Word for word and without images, reproduce the listing that follows.

• [RECORDS FOR THE EXERCISE]:
[Start of section]

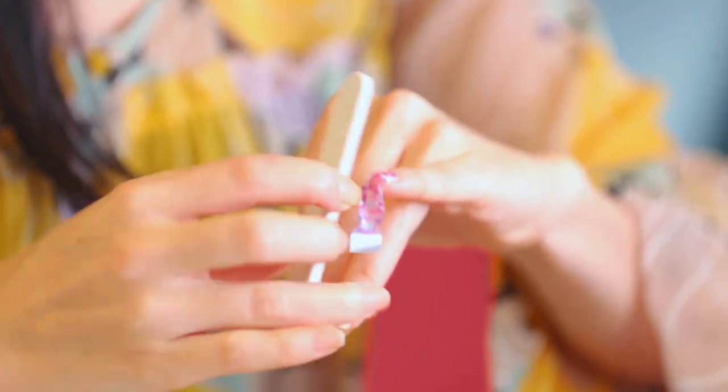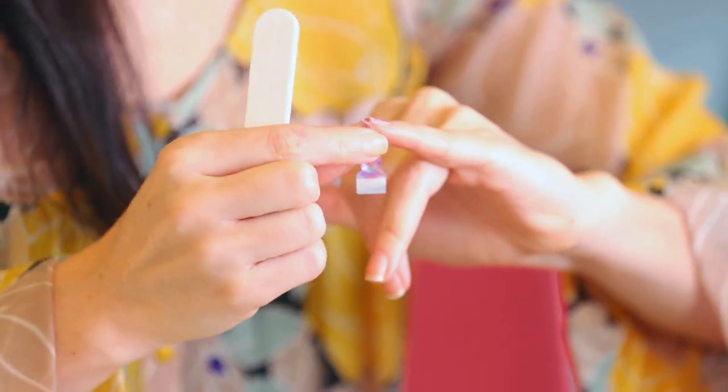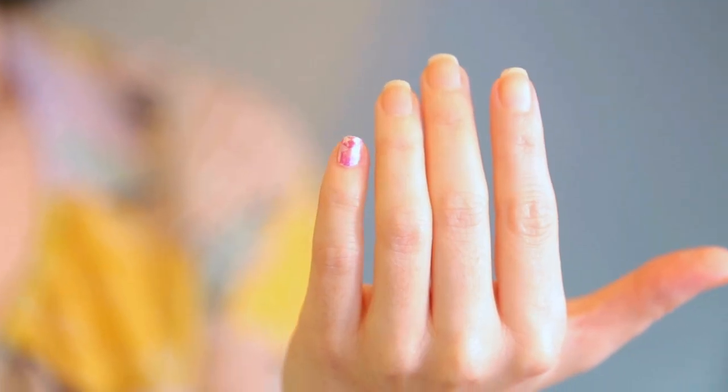Then take the coarse edge of an emery board and use it to buff away the edge. You can just pull it away, buff the free edge, make sure everything is flat, and there you go — perfect nail application.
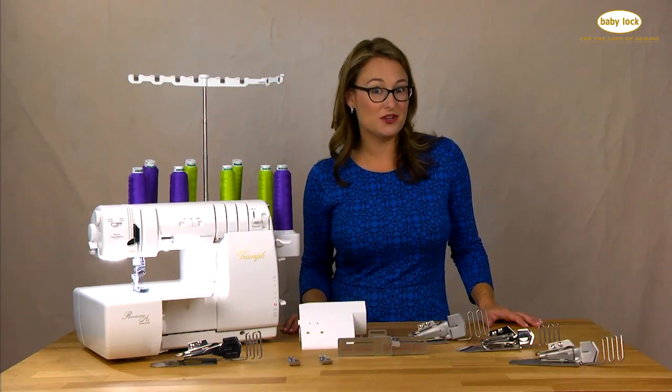Hi, I'm Sarah and I'm excited to introduce to you the all-new 7-foot kit for the Baby Lock Triumph Serger.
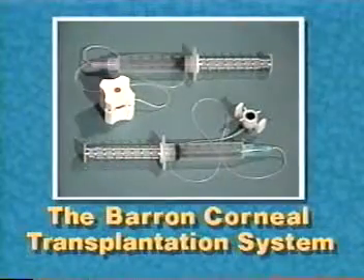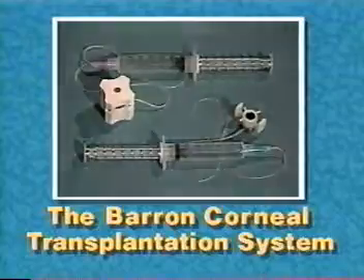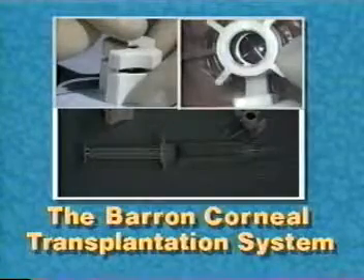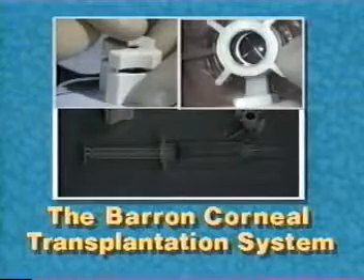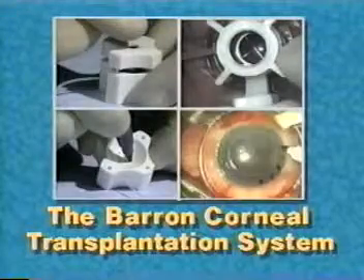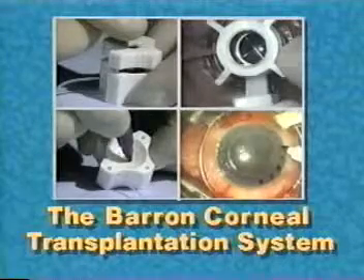The Barron Transplantation System is the only system that stabilizes both the donor and recipient corneas as they are cut, contains crosshairs for centration, and marks the donor and recipient corneas for even tissue distribution and suture placement.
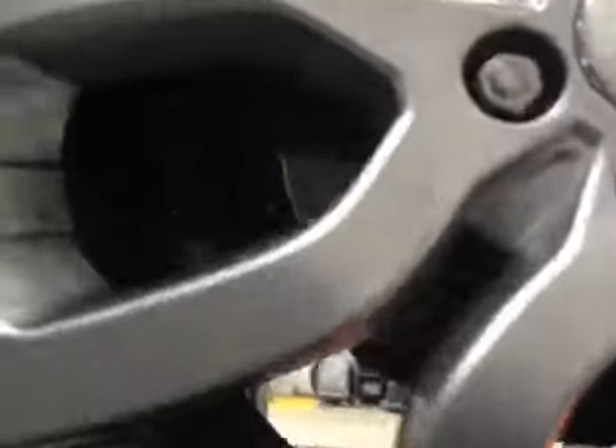I have noticed some curb damage to the outer edge of your offside front wheel. Your front brake pads are approximately 7mm of material left and your discs are in a serviceable condition at this time. They do have a slight wear lip on them but it's nothing to be concerned with at this time.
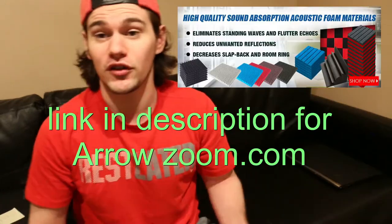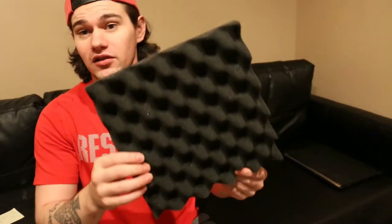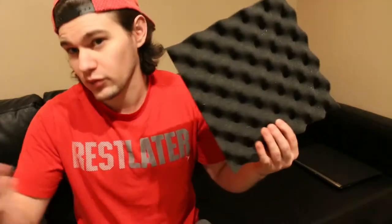I hope everybody's doing really good. So today guys, I got my package arrived from AeroZoom. If you guys don't know what AeroZoom are, they make noise reducing tiles — sound proofing, sound reducing, noise reducer, whatever you want to call it. You can place them anywhere in a room, office,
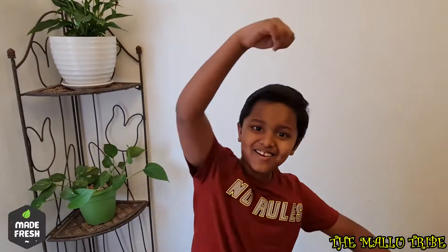Hi, my name is Jonathan Maju. I am 7 years old. Come on girls, let's make Alrava the chicken roast.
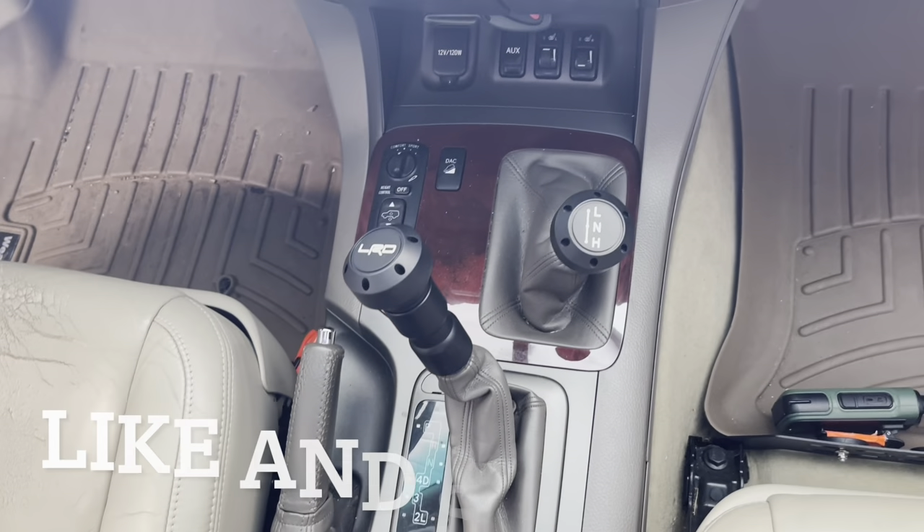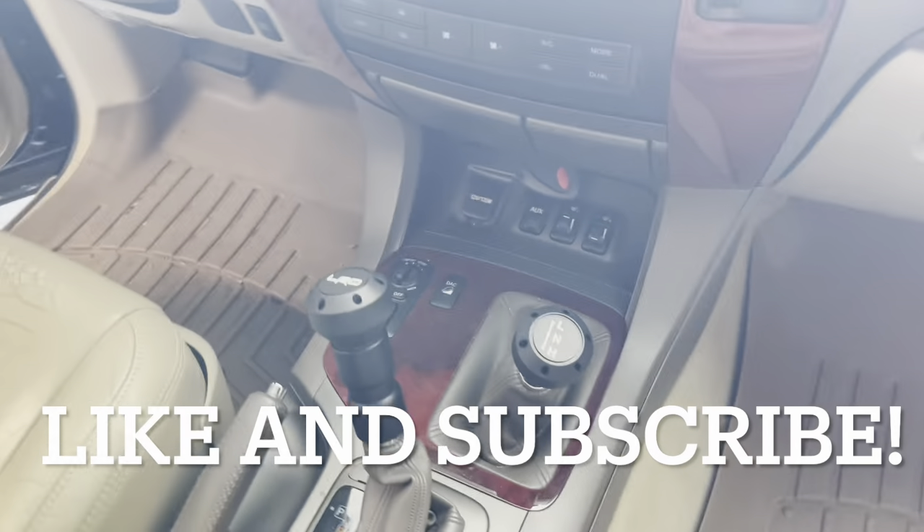Pretty pumped with how it turned out, and we'll see you on the next video.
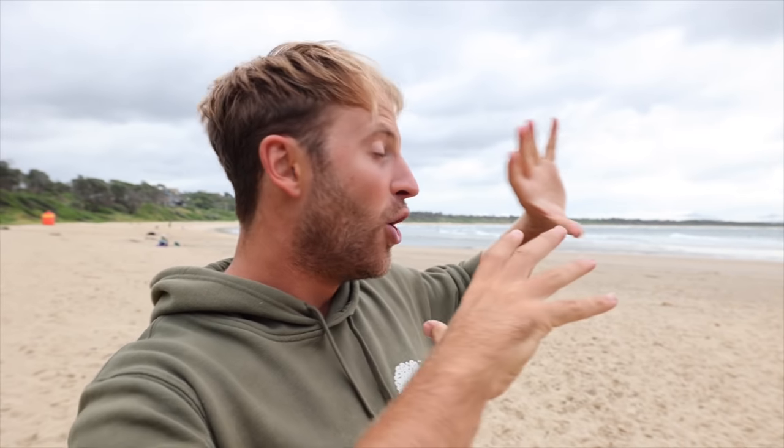There you have it — three new surfing manoeuvres that you may not have tried before. But here's the challenge: can I do all three on one wave in that order? We'll see — I'm going to go and give it a crack. Thanks so much for tuning in. Make sure you subscribe to the channel, hit that like button, let me know in the comments what else we should cover, and join me on Instagram. I'll see you guys soon.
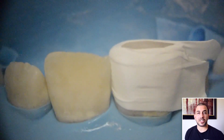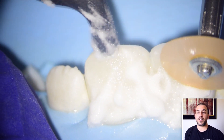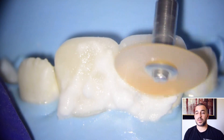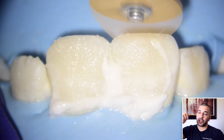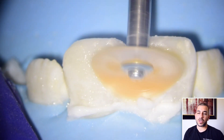One other technique I wanted to illustrate was some of the tools used to finish the polishing at the end of the procedure. What I like to do is put a little bit of aluminum oxide on the facial surface of the tooth and then use my very fine discs to polish or buffer out any of these ledges that are noticeable on the tooth.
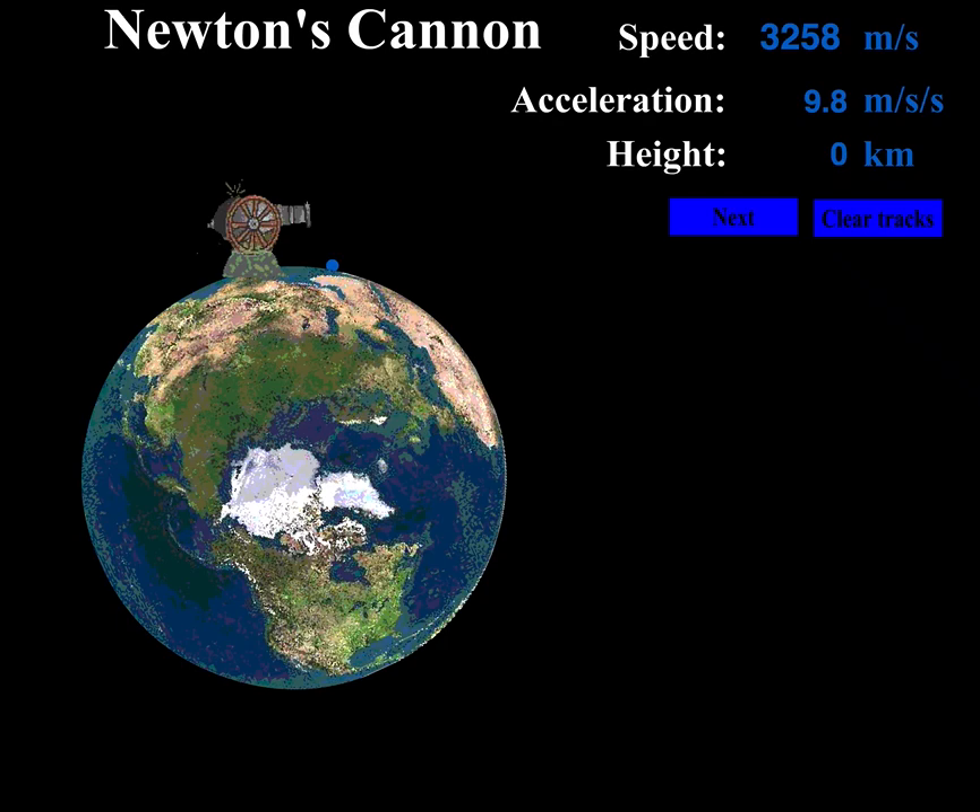Okay, students, in the last discussion, I told you that orbits are a delicate balance between the gravitational force and speed. The way Isaac Newton originally thought about this — this is called Newton's Cannon — he sort of had a thought experiment where he thought gravity would work like this.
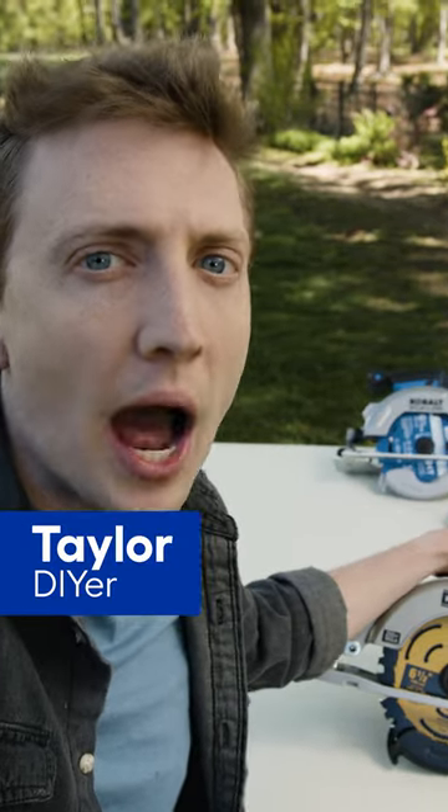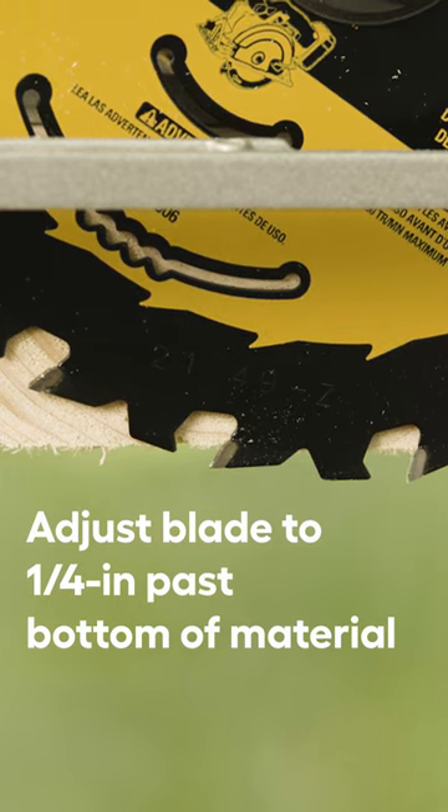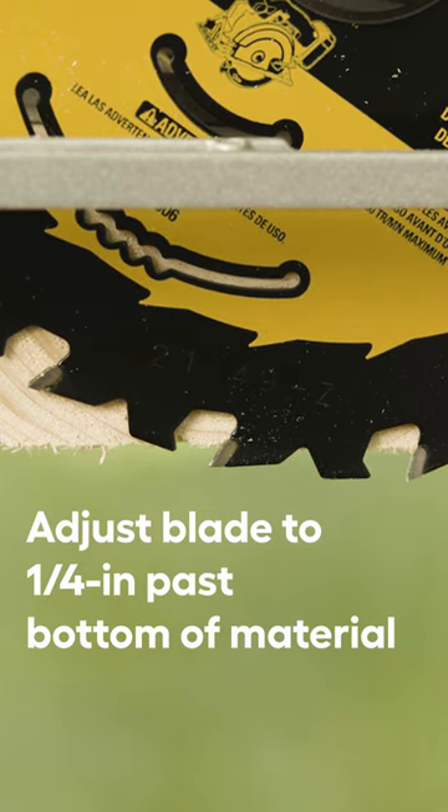A circular saw can seem intimidating, so how do you make sure you're cutting safely and correctly? Adjust your blade so that it extends only about a quarter inch past the bottom of the material to avoid binding and kickback.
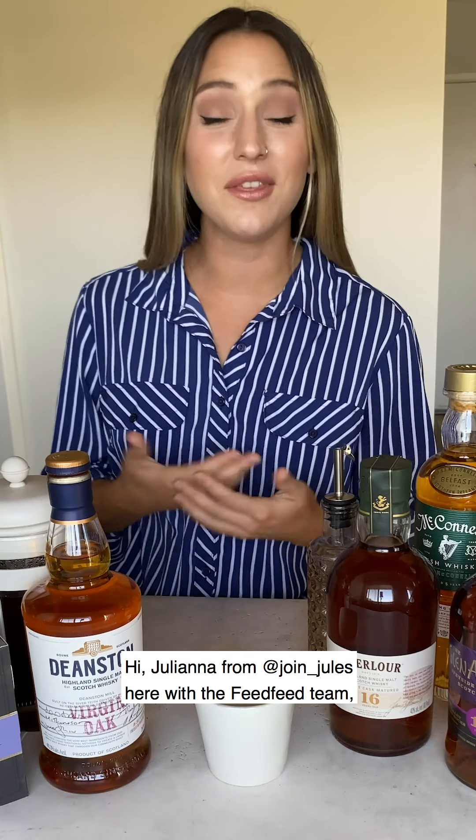Hi, Juliana from Join Jewels here with the Feed Feed team, bringing to you guys some British inspired cocktails thanks to Food is Great. So let's make a London Fog.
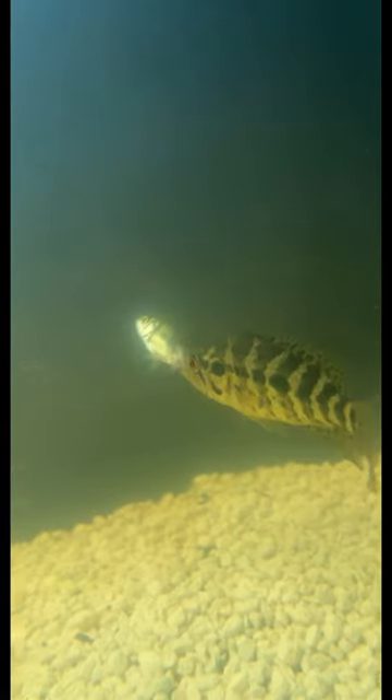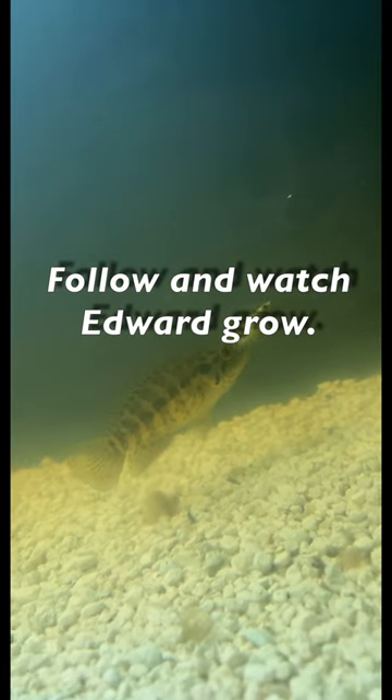The reason the aquarium water looks like that is because of the wood I put in there. No harm at all. But yeah, give me a follow if you want to see more Edward videos.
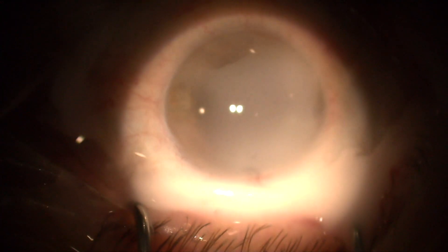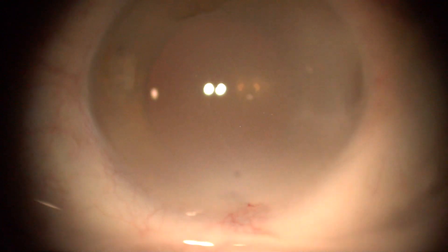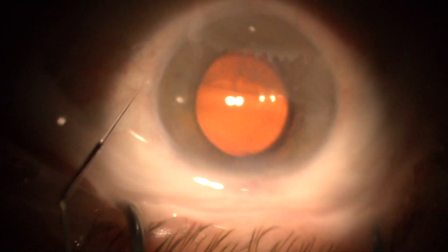We use Simbrinta drops at the end of cataract surgery to reduce ocular pressure in the post-operative period. In addition to achieving excellent pressure control, we perform a Seidel test with Simbrinta. This patient presents a positive Seidel test.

[End of section]

• [ANSWER SPACE]:
Then take the coarse edge of an emery board and use it to buff away the edge. You can just pull it away, buff the free edge, make sure everything is flat, and there you go — perfect nail application.
Hi, I'm Sarah and I'm excited to introduce to you the all-new 7-foot kit for the Baby Lock Triumph Serger.
The Barron Transplantation System is the only system that stabilizes both the donor and recipient corneas as they are cut, contains crosshairs for centration, and marks the donor and recipient corneas for even tissue distribution and suture placement.
I have noticed some curb damage to the outer edge of your offside front wheel. Your front brake pads are approximately 7mm of material left and your discs are in a serviceable condition at this time. They do have a slight wear lip on them but it's nothing to be concerned with at this time.
I hope everybody's doing really good. So today guys, I got my package arrived from AeroZoom. If you guys don't know what AeroZoom are, they make noise reducing tiles — sound proofing, sound reducing, noise reducer, whatever you want to call it. You can place them anywhere in a room, office,
Hi, my name is Jonathan Maju. I am 7 years old. Come on girls, let's make Alrava the chicken roast.
Pretty pumped with how it turned out, and we'll see you on the next video.
There you have it — three new surfing manoeuvres that you may not have tried before. But here's the challenge: can I do all three on one wave in that order? We'll see — I'm going to go and give it a crack. Thanks so much for tuning in. Make sure you subscribe to the channel, hit that like button, let me know in the comments what else we should cover, and join me on Instagram. I'll see you guys soon.
One other technique I wanted to illustrate was some of the tools used to finish the polishing at the end of the procedure. What I like to do is put a little bit of aluminum oxide on the facial surface of the tooth and then use my very fine discs to polish or buffer out any of these ledges that are noticeable on the tooth.
Okay, students, in the last discussion, I told you that orbits are a delicate balance between the gravitational force and speed. The way Isaac Newton originally thought about this — this is called Newton's Cannon — he sort of had a thought experiment where he thought gravity would work like this.
A circular saw can seem intimidating, so how do you make sure you're cutting safely and correctly? Adjust your blade so that it extends only about a quarter inch past the bottom of the material to avoid binding and kickback.
Hi, Juliana from Join Jewels here with the Feed Feed team, bringing to you guys some British inspired cocktails thanks to Food is Great. So let's make a London Fog.
The reason the aquarium water looks like that is because of the wood I put in there. No harm at all. But yeah, give me a follow if you want to see more Edward videos.
We use Simbrinta drops at the end of cataract surgery to reduce ocular pressure in the post-operative period. In addition to achieving excellent pressure control, we perform a Seidel test with Simbrinta. This patient presents a positive Seidel test.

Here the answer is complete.